With social media companies stepping into the news business like never before, news organisations need to rethink technology and the social web, the director of the Tow Center for Digital Journalism at Columbia Graduate School of Journalism said today.
Delivering the keynote address at the news:rewired conference, in London today, Emily Bell zeroed in on the question of how news organisations should think about putting technology, and particularly mobile phone apps, in the service of ‘good’ journalism.
So who is in control?
"For the first time in 200 years news publishers are not in control of how news is created and distributed," Bell told delegates.
Dubbing this a "bold statement", Bell added that it marks the "biggest shift of news publishing, pretty much in the history of packaged media". Instead of news outlets sitting on top of the distribution channel, they’re now a "much smaller part of a bigger ecosystem", she said.
Pointing to examples such as Snapchat’s launch of Discover and Facebook releasing its Instant Articles feature, Bell said 2015 marked a turning point where social media networks became publishers.
These companies once said they were not part of the news industry, Bell added, but they’ve now changed tack and announced: "We are publishers, we are willing to take publishing risks."
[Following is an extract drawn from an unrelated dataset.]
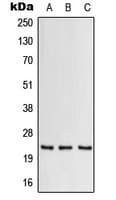 Polyclonal Rabbit anti-Human CSF2 / GM-CSF Antibody (C-Terminus, WB)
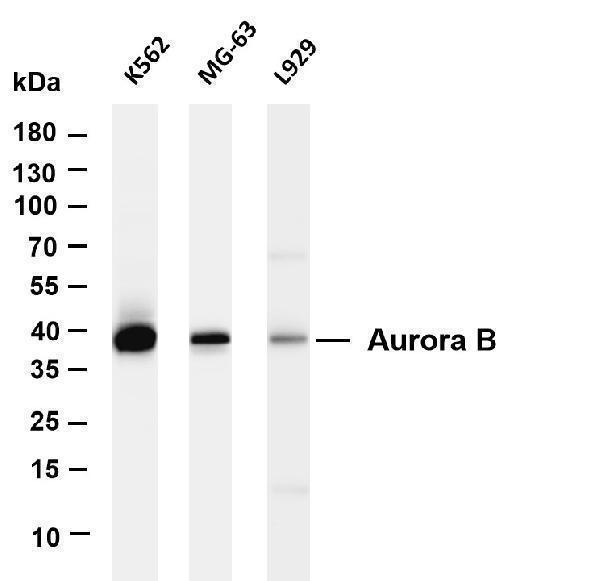 Various whole cell lysates were separated by 4-20% SDS-PAGE, and the membrane was blotted with anti-Aurora B antibody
Bell said: "It’s not just that news is driving these platforms, it’s that the platforms are actively stepping into the news business in a way they haven’t before."
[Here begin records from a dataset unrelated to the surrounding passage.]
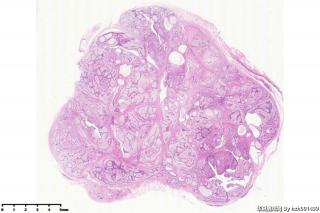 纤维腺瘤伴大汗腺化生？图10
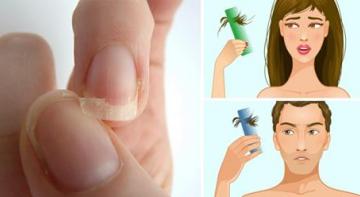 Если у вас тонкие ломкие ногти, выпадение волос или бессонница, начните потреблять это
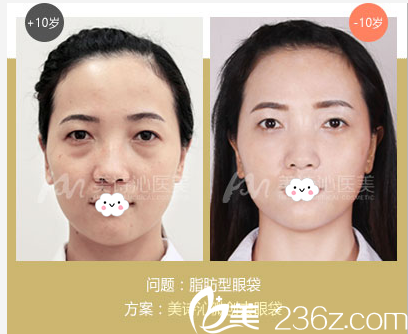 广州美诗沁医疗美容医院脂肪性祛眼袋案例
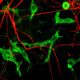 Immune cells’ fat blocks brain’s ability to clean Alzheimer’s plaques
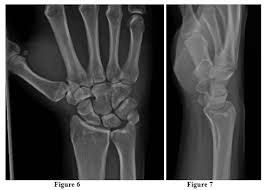 Image result for Pisiform Bone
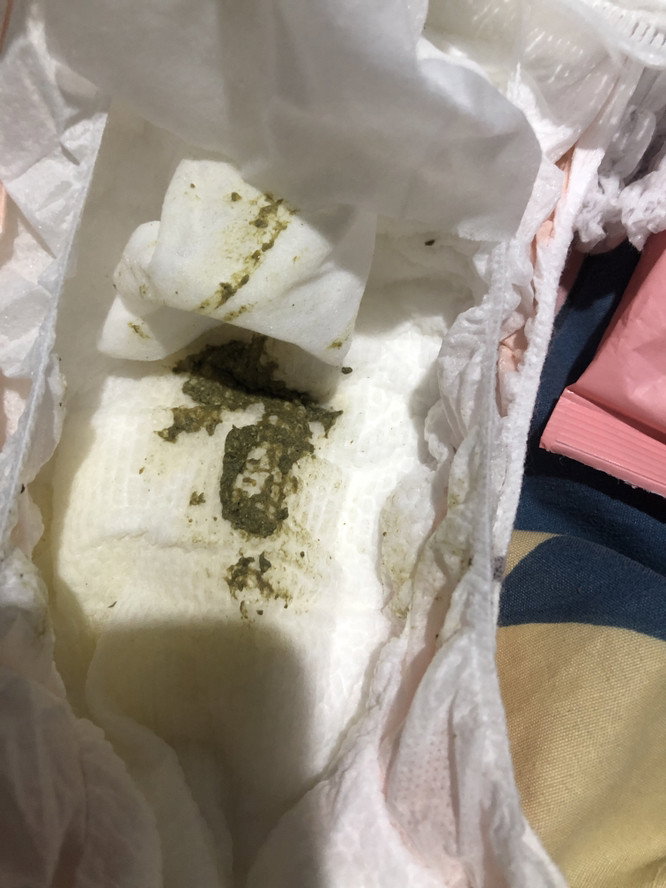 Color green poop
How can news groups adjust and operate within this environment?
Today’s newsroom workflow can be increasingly broken into three parts, Bell told delegates. The breaking news feed now equals mobile alerts, an outlet’s social media presence is now day-to-day publishing, and websites are "effectively becoming the archive".
Key to the process of how news organisations should harness tech in the service of journalism is integrating as closely as possible with the social web, Bell added.
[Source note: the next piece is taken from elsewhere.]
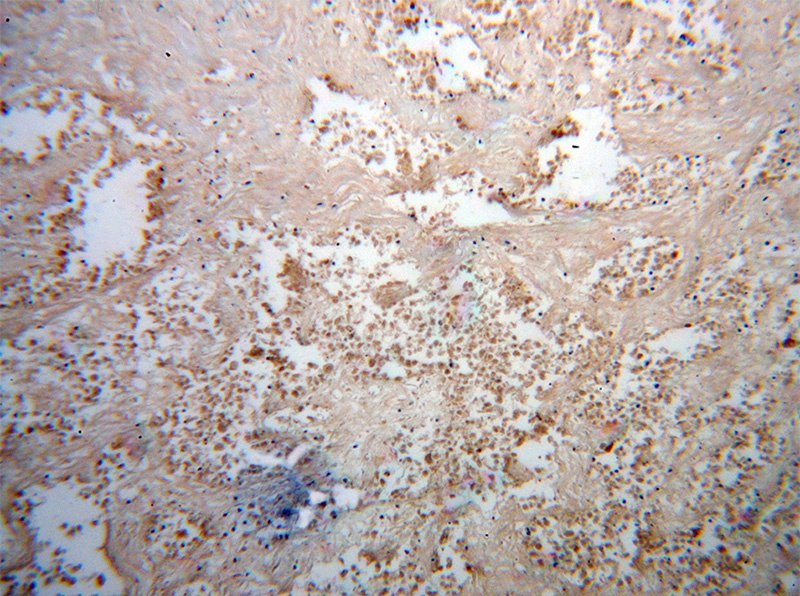 Immunohistochemical of paraffin-embedded human lung cancer using Catalog No:110750(FUT8 antibody) at dilution of 1:50 (under 10x lens)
If news organisations don’t move to work with these apps, she said, they’ll miss out on huge audience numbers as Facebook now has 1.3bn users and WhatsApp’s 800m.
"There’s been a wholesale move by social media companies to co-opt news," she said. "It means they are able to dominate the mobile phone ecosystem."
An emphasis news organisations could take now, she added, was to "co-opt and keep users within the same environment".
Bell gave BuzzFeed as an example, as it is: "focused around that central principle of which platform is carrying our content most efficiently", she said.
BuzzFeed has built an "engine around social media, and now they’re re-engineering and investing in serious journalism with the profit from that", adding: "That’s how many great news empires started."
Big dilemmas
Bell said it would not be a simple negotiation for any news organisation when publishing on other platforms. There’s an "existential crisis" for anyone who hasn’t been asked to join a platform, and then the question of what happens if a particular platform is actually more effective and profitable than a news publisher’s own.
The problem for news organisations of how to deal with a new environment dominated by mobile technology and "neo-publishers" is twofold, Bell said. There’s the commercial issue, of course – but if it’s financially advantageous to publishers "they will just do it. I have no doubt about that".
But there’s also the concern about what will happen to the values of journalism that are not about reach and revenue. She said social media companies core purpose is not journalism and certain central values, such as transparency, fairness and protecting sources, "sort of undermine profits, so they are the opposite of what many large companies believe they could and should be doing".
What’s next?
Media organisations can gain significant reach and revenue from using these platforms, but they’ll potentially lose big too – in terms of data, paths to users, archives, and control over journalism, she said.
That means the challenge of developing new tools and platforms for news and expression cannot rest solely within Silicon Valley companies, Bell said.
News organisations, she added, should not retreat from working with technology or developing their own. It’s all about working together, she added, with new platforms and understanding new tools in the hopes that media organisations take hold of an opportunity ‘to come out with better journalism.’
"Everywhere you look there’s a publishing risk attached to this great new world of opportunity," Bell said. "I don’t think it’s a straightforward or clean relationship, I think it’s going to be a very long and difficult negotiation we are going through."